Joy is not in things; it is in us ~ Richard Wagner
With only three sleeps until Christmas many of us are wondering how to wind down, how to enjoy time with our family and friends, and how to continue or create meaningful traditions for this time of year. Perhaps we are trying to avoid a hurricane of over-receiving and over-indulging, trying instead to connect with Christmastime as about giving, faith and connectedness to others and ourselves.

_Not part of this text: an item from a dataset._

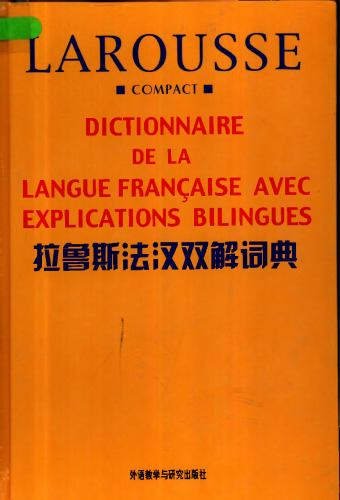 拉鲁斯法汉双解词典 DICTIONNAIRE DE LA LANGUE FRANÇAISE AVEC EXPLICATIONS BILINGUES 7560015888, 7560015808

One of my big challenges this year is winding down. In many ways I would like to switch off my work and research selves so that I can be present with family, friends, nature and the present moment. But the hybridity of my roles (teacher, school leader, researcher, connected learner, parent) makes it hard to power down. My leadership work in my school is closely related to my PhD research on teacher growth and school change, so I am constantly immersed in reading, acting and thinking about these things. Being a participant in education Twitter chats this year (like #satchat #sunchat #aussieED, #BFC530 and #whatisschool) has also kept my brain buzzing with ideas sparked by stimulating conversation with inspiring individuals, most of whom I have never met (thank you, my learning network). It appears you can’t turn off a turned on brain!

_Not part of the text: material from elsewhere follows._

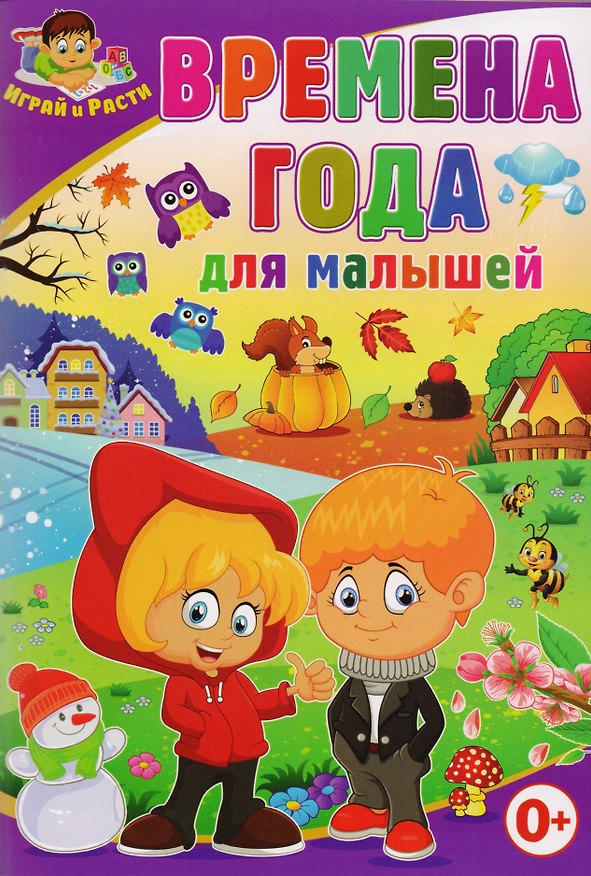 Книга Времена года для малышей (Тамара Скиба) — 1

So to ground myself and connect to this time of year I have been taking time to be present in holiday tasks: playing with my children, swimming at the beach, reading Christmas stories, enjoying music and wrapping presents. Surely I’m not the only one for whom the careful, mindful process of wrapping gifts is meditative and grounding? Anything can be meditative and grounding if we approach it mindfully and with presence.
I also find creativity and making to be grounding and connecting acts. Things we make ourselves seem to have a magical energy, an investment of the person or people whose hands forged the object or made the marks. I have been hand-making ornaments, recycling found materials into eco-decorations and picking foliage from the garden for vases. Our Christmas tree is one made by my eldest son and I (he was two years old when we banged it out in our garage) out of upcycled scraps of wood. The physicality of painting, cutting, pasting and glitter-shaking can anchor us to the holiday spirit.
I was reminded recently that being a flâneuse is about being a ‘human being’ not a ‘human doing‘. Christmas is the perfect time to focus on what is important, in whatever way is meaningful for our family. Coming together should be about celebrating our connections with those we care about – in all their perfect imperfection – and taking the time to really be with them and with ourselves. Happy being.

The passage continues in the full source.